_Assignment:_ Please reproduce all the records exactly while leaving out their pictures.

*** Opening of Exercise inputs ***

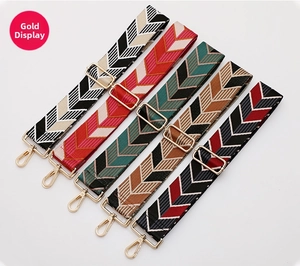 Close-up of five colorful ethnic woven shoulder straps with golden metal buckles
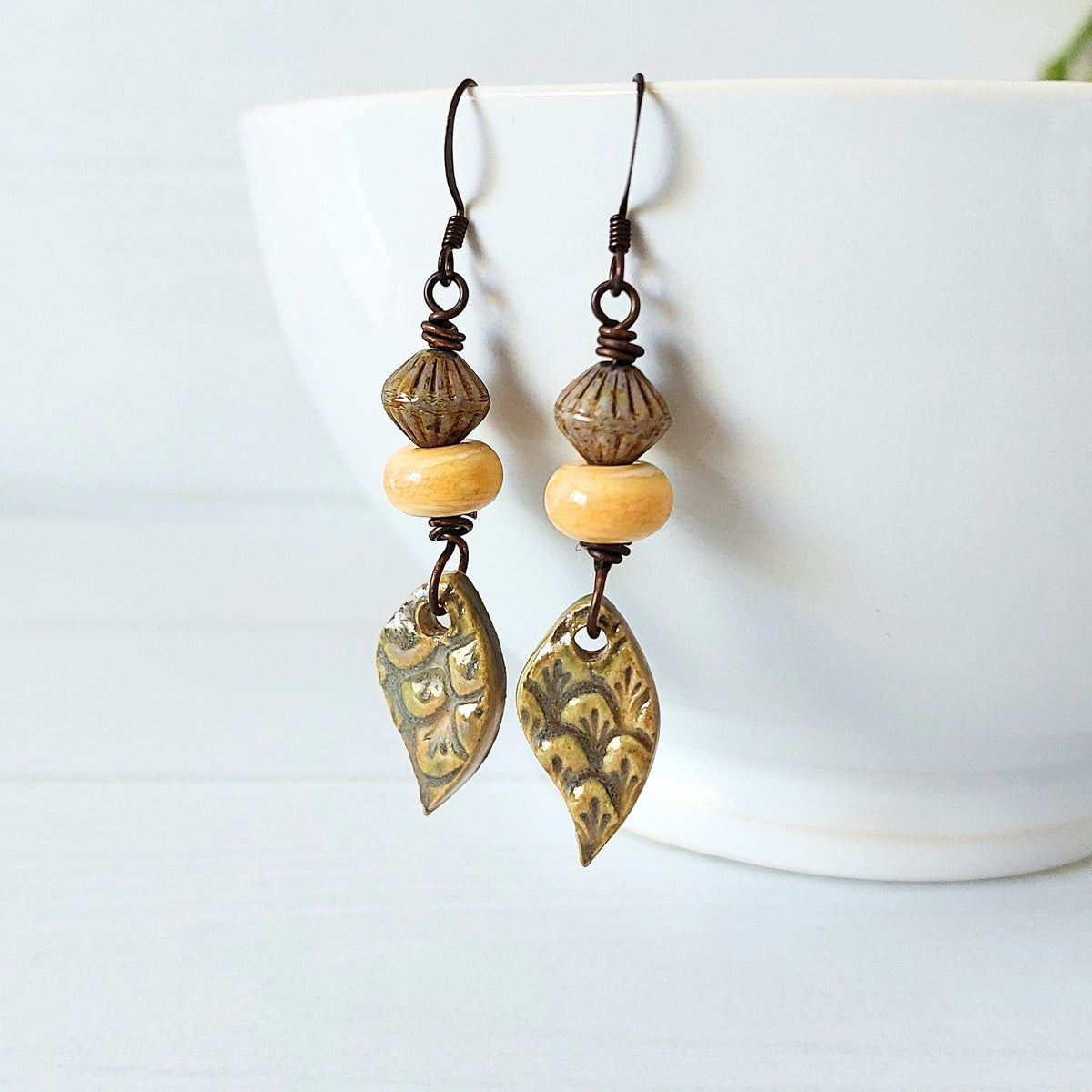 A pair of bohemian-style dangle earrings with olive ceramic decorative charms, light yellow lampwork glass beads, and dark olive textured beads, hanging from a white ceramic bowl on a white wooden surface.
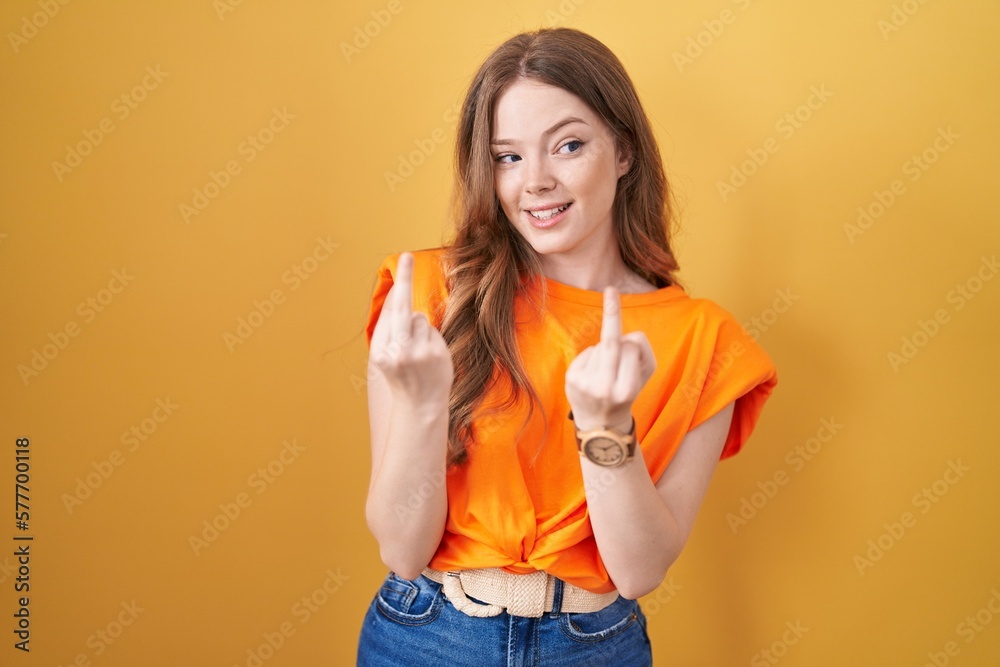 Poster caucasian woman standing over yellow background showing middle finger doing fuck you bad expression,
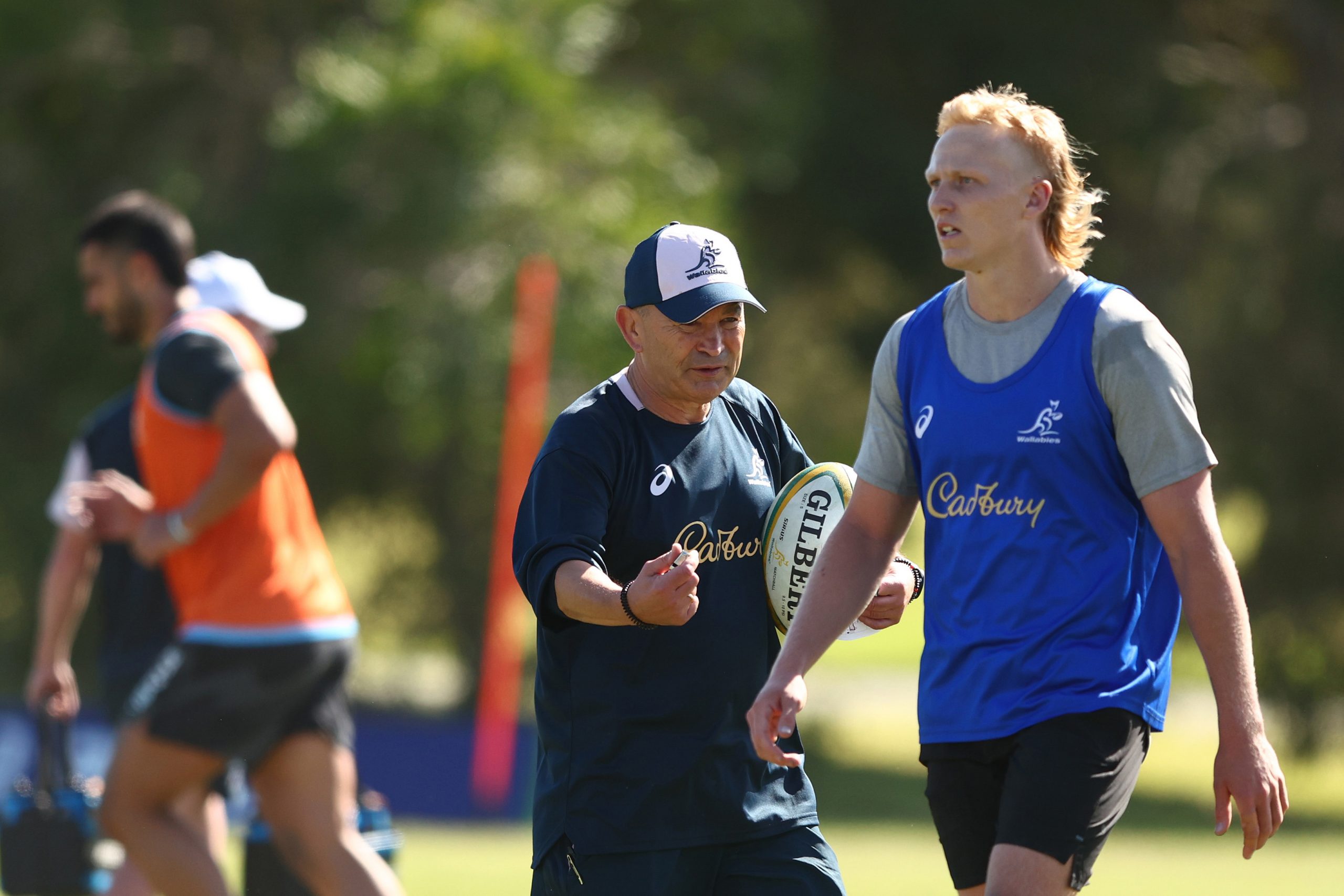 Wallabies coach Eddie Jones watches Carter Gordon.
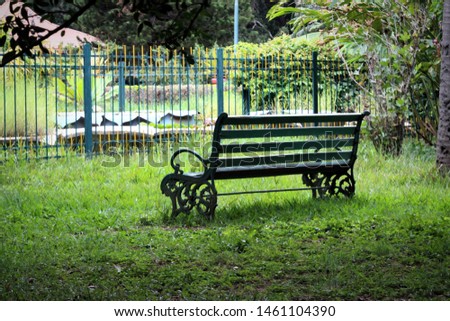 Stock photos, pictures and royalty-free images of empty dark bench in the green park in a peace and silent environment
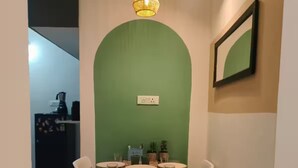 Un coin repas agrémenté d’un mur d’accent vert, de chaises blanches et d’une table dressée pour quatre personnes.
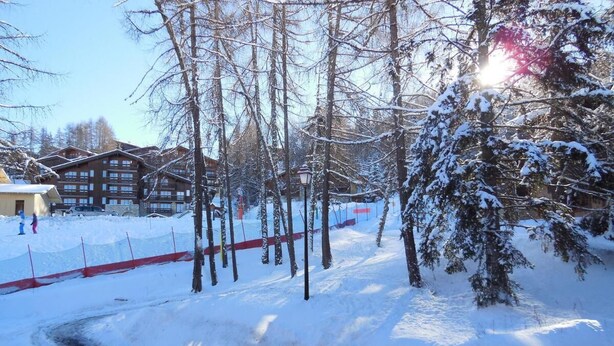 A snow-covered pathway leading to a building with multiple windows and a red fence. - 50m from resort center, 2nd floor, balcony, tv, ski locker, 26m², Montchavin La Plagne (Bellentre)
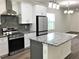 Modern kitchen with granite countertops and stainless steel appliances at Tbd 18Th Sw Ave, Largo, FL 33774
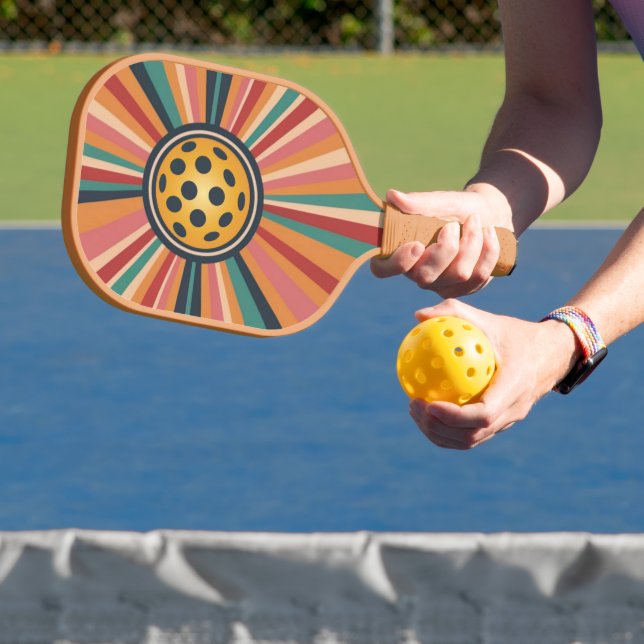 Retro pickleball paddle - stripes & ball (Insitu)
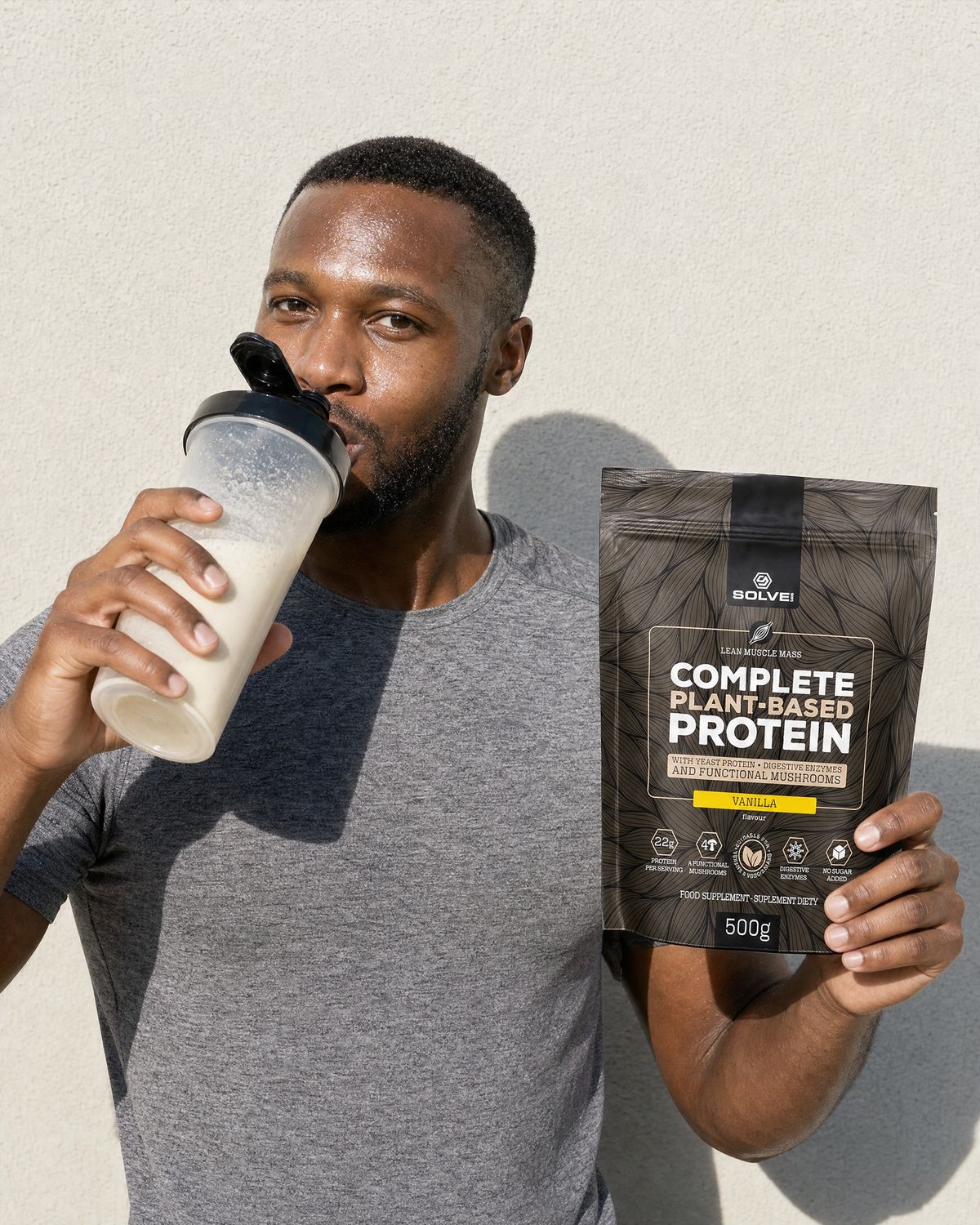 A man drinking a vanilla shake from a shaker, holding up the vanilla pouch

*** Close of Exercise inputs ***

_Written solution:_
 Close-up of five colorful ethnic woven shoulder straps with golden metal buckles
 A pair of bohemian-style dangle earrings with olive ceramic decorative charms, light yellow lampwork glass beads, and dark olive textured beads, hanging from a white ceramic bowl on a white wooden surface.
 Poster caucasian woman standing over yellow background showing middle finger doing fuck you bad expression,
 Wallabies coach Eddie Jones watches Carter Gordon.
 Stock photos, pictures and royalty-free images of empty dark bench in the green park in a peace and silent environment
 Un coin repas agrémenté d’un mur d’accent vert, de chaises blanches et d’une table dressée pour quatre personnes.
 A snow-covered pathway leading to a building with multiple windows and a red fence. - 50m from resort center, 2nd floor, balcony, tv, ski locker, 26m², Montchavin La Plagne (Bellentre)
 Modern kitchen with granite countertops and stainless steel appliances at Tbd 18Th Sw Ave, Largo, FL 33774
 Retro pickleball paddle - stripes & ball (Insitu)
 A man drinking a vanilla shake from a shaker, holding up the vanilla pouch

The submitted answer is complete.